Mark Zuckerberg wants to turn your Android phone into a simple sharing device. And by that, he means he wants to turn it into a Facebook phone.
Facebook just announced Facebook Home, which all but turns any Android handset into a “Facebook phone” by putting the social giant right there on the home screen and all of its products at the forefront of the UI. It isn’t a phone made by Facebook. It’s something better than that, and in some ways, more important: a deeply integrated application with its hooks set tightly into the Android platform. Think of it as an apperating system.
CEO Mark Zuckerberg has been hinting at following this path for years, even as he fought back incessant Facebook phone rumors. A phone is “so clearly the wrong strategy for us,” he said last year. And he’s right. Facebook can’t take on Apple and Samsung, or even Microsoft and BlackBerry. Making hardware is a lot of work, and that kind of work doesn’t make sense for Facebook right now. Instead, the social network is ensuring it can be as front-and-center as possible on all the most popular platforms today.
“Today we’re finally going to talk about that Facebook phone. Or more accurately we’re going to talk about how you can turn your Android phone into a great social, simple device,” Zuckerberg said at the launch event in Menlo Park. He went on to describe how people most often use Facebook on their mobile devices and explain why Facebook chose to build an Android experience, rather than a phone. “A great phone might sell 10 or 20 million units at best. Our community as more than 1 billion people in it.

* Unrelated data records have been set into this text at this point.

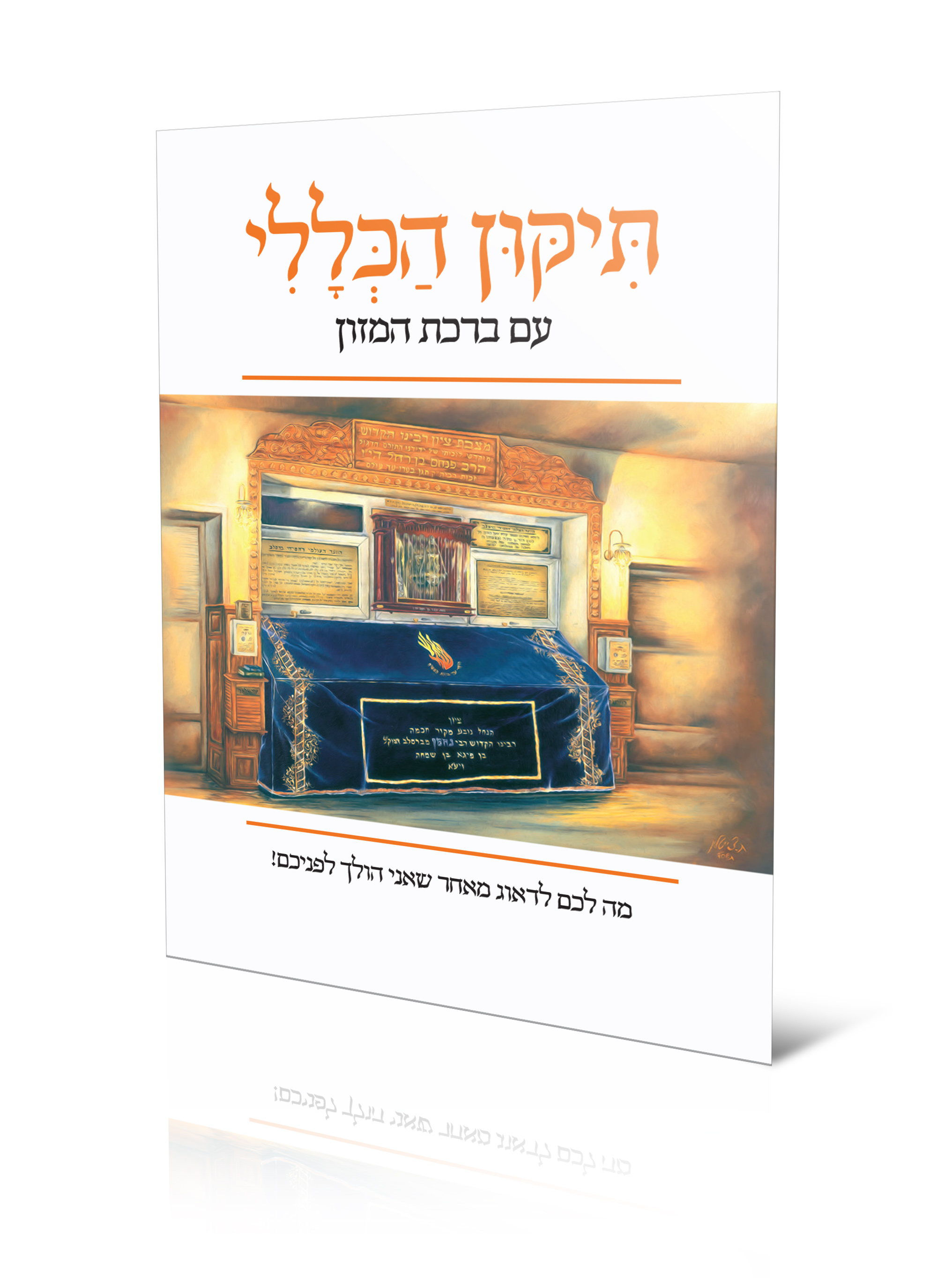 ציון רבנו.jpg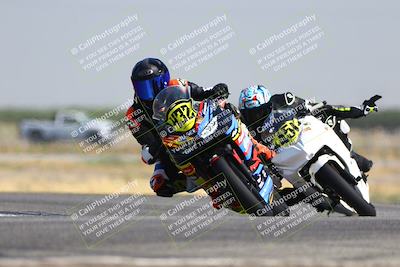 media/Jun-28-2025-CRA (Sat) [[8017bea174]]/Qualifying/Qualifying 2/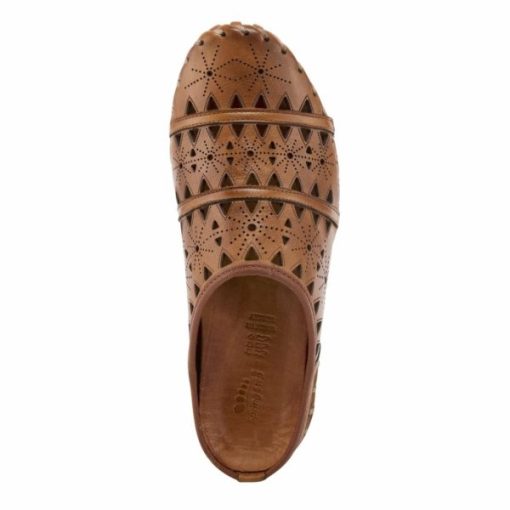 Viennaurban.shop061ba8dc77 3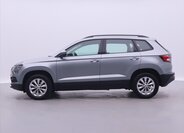 Škoda Karoq SUV / Terénní 1,5 l 110 kw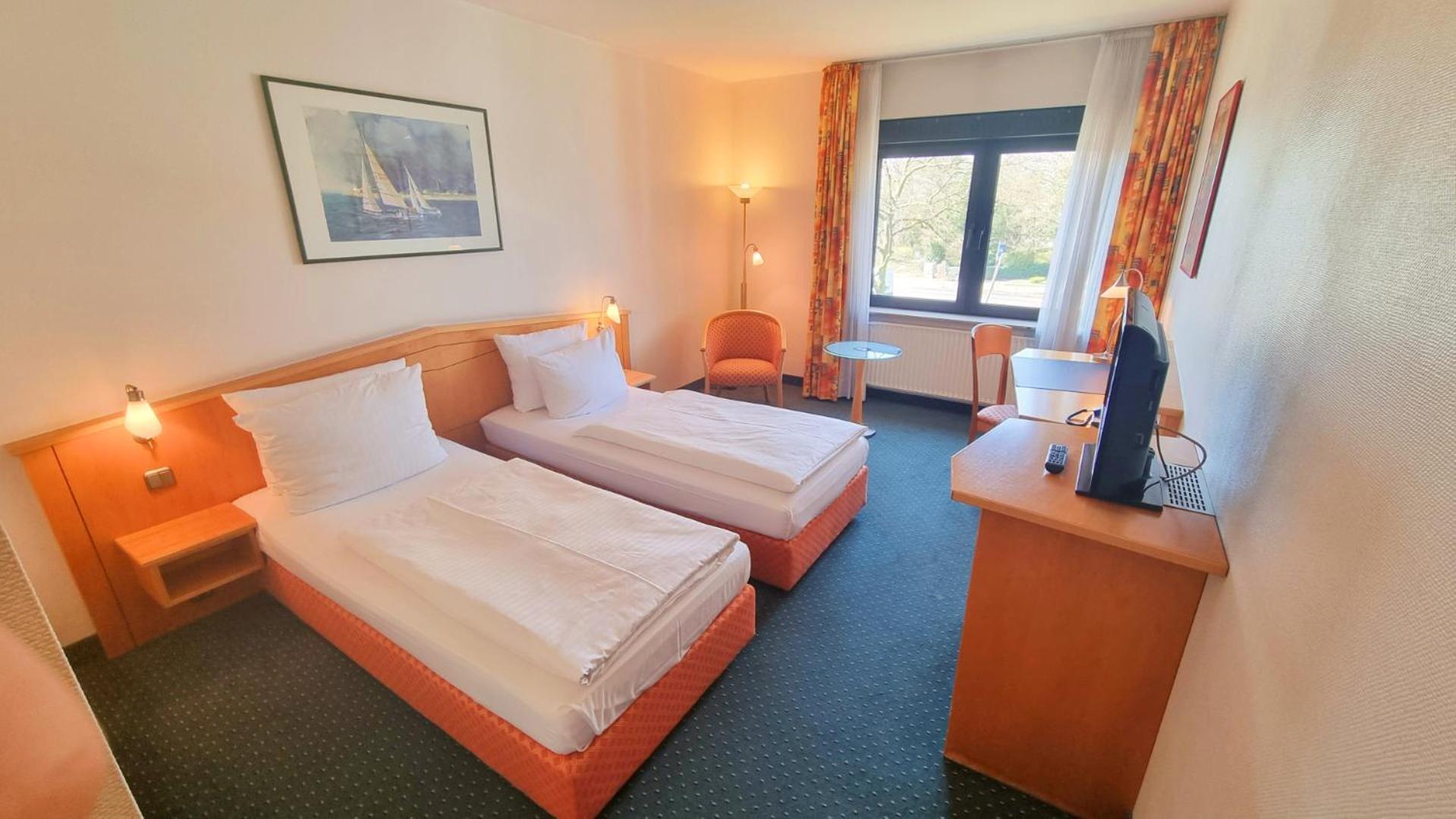 Double or Twin Room,1679561860:JPEG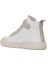 Tuğba 7465 Bebek Keten Bilekli Işıklı Sneaker 3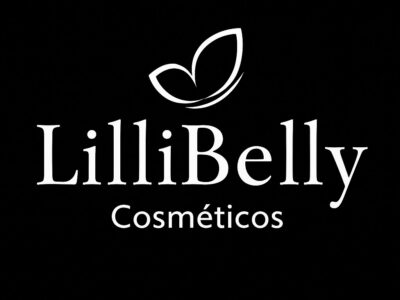 LilliBelly Cosméticos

Even if we did a good job selling a phone, we would only be serving 1 to 2 percent of our community and we want to do more than that.”
Note EU-Digest: this is all nice and dandy, but like it already is the case with Microsoft, the consumer, unfortunately, is now at a point where he or she is "force-fed" operating systems and apps on computers, tablets and smart-phones they buy .
As a result the consumer in reality has less and less flexibility today when it comes to their personal choices and preferences in regards to the apps and operating systems which are already a part of the products they buy.